Il film, nella sua diversità stilistica e di temi, ha qualcosa di prossimo al film cileno Una donna fantastica, recensito la settimana scorsa. Anche questo è ipnotico, avvolgente, fluido, piacevolissimo e molto avvincente, ma quello dei Safdie è anche un film adrenalinico. È un film quasi da anni settanta o primi ottanta, ma filtrato al tempo stesso con una sensibilità davvero moderna, mantenendo un equilibrio sapiente dall’inizio alla fine. Si pensa a certo cinema di quel periodo e in particolare agli straordinari film metropolitani di William Friedkin o allo Scorsese di Fuori orario ma volendo anche di Taxi driver, in questa rivisitazione personalissima di tutto un cinema psicotico-psichedelico americano. Non per nulla Scorsese, un sostenitore del film, sarà il produttore del prossimo lungometraggio dei Safdie.

Film di atmosfere, allucinato, distorto che non perde mai l’eleganza e la profondità nella messa in scena, impiega circa un quarto d’ora per far comparire i titoli di testa i quali vengono spalmati sullo schermo con un’ulteriore dilatazione temporale. Il tutto avvolto da costanti musiche pulsanti, elettriche, che invadono i dialoghi, le conversazioni, fin quasi a sommergerle. Fin dall’inizio, una volta finita la carrellata e penetrati nel building dove si assiste alla conversazione tra uno psicologo e un ragazzo down.

Nel film un po’ tutti sono rinchiusi e metaforicamente forse lo siamo un po’ tutti noi

È la storia di due fratelli disadattati, marginali: uno bello e più sveglio, Connie, interpretato da Pattinson, e l’altro, Nick, con una disabilità mentale ed evidenti difficoltà nel rapportarsi con il mondo, interpretato da Benny Safdie. Nel primo quarto d’ora assistiamo alla fuga di Nick dal luogo in cui è ricoverato, o forse sarebbe meglio dire rinchiuso, e poi a una rapina in banca dei due che si risolve praticamente in farsa. Ma lungo il film apparirà che un po’ tutti sono rinchiusi e che metaforicamente forse lo siamo un po’ tutti noi.

Tutto volge nel caos ma anche nell’ironico. Ci sarebbe da ridere se si prendesse distanza per un momento dagli avvenimenti, ma non c’è il tempo visto il ritmo incessante. A poco a poco emerge invece compiutamente il ritratto di una tragedia esistenziale, intima, all’interno di una rappresentazione implacabile dei meccanismi sociali. Un film di comportamenti e non introspettivo da cui fuoriesce comunque la descrizione, di una precisione chirurgica, di tipologie psicologiche ma anche di esseri umani nella loro interezza. Nelle rispettive interpretazioni, Safdie è eccezionale ma Pattinson giganteggia: Connie si rivela il vero personaggio del film, portandolo sulle sue spalle fino alla fine.

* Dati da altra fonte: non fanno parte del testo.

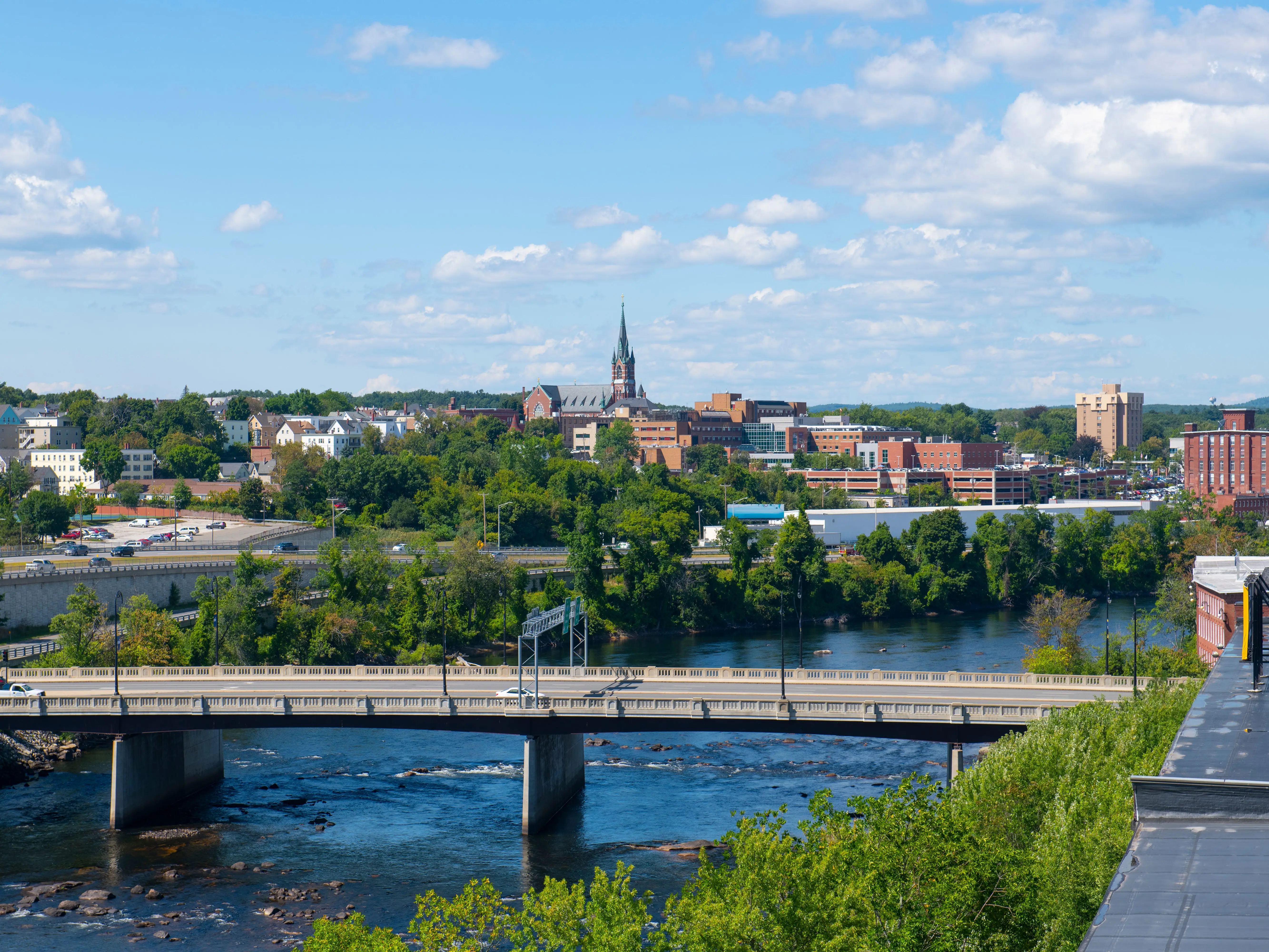 Skyline of Manchester, New Hampshire.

In quella fuga iniziale della rapina andata male – questo è tra i pochi spoiler che faremo – i registi-sceneggiatori, come già in passato coadiuvati dall’eccezionale direttore della fotografia Sean Price Williams, dimostrano una notevole forza pittorico-visiva, oltre che registica, tendente all’astrazione, acuita dall’altrettanto notevole lavoro di montaggio, come per gli altri film firmato da Benny Safdie insieme a Ronald Bronstein, a sua volta geniale regista indipendente ancora oggi sconosciuto in Italia.

Rosso
Se dovessimo fare un paragone dal punto di vista formale con le arti visive diremmo che il film è qualcosa a metà tra la pittura di un Jackson Pollock e la sua action painting (per esempio in certe sequenze di flashback) e un approccio monocromatico puramente concettuale. In macchina esplode lo spray dal colore rosso che serviva da arma durante la rapina: è il caos, implicitamente affiora qualcosa di derisorio, ma soprattutto in quella sequenza il rosso invade definitivamente il campo dell’immagine per dominarla fino alla fine. Mura di palazzi, cancelli, giubbetti o le tantissime luci al neon di questo film notturno, fino alla sequenza fondamentale, anch’essa notturna, nel luna park. Il rosso è anche quello del sangue di quei volti continuamente tumefatti, spesso, se non sempre, per cause risibili. Nick in apertura fugge dalla stanza e dai corridoi dell’ospedale insieme al fratello e subito si trovano nei vicoli della città. Stanze, corridoi, vicoli, sono il leit motiv visivo-architettonico ripetuto incessantemente.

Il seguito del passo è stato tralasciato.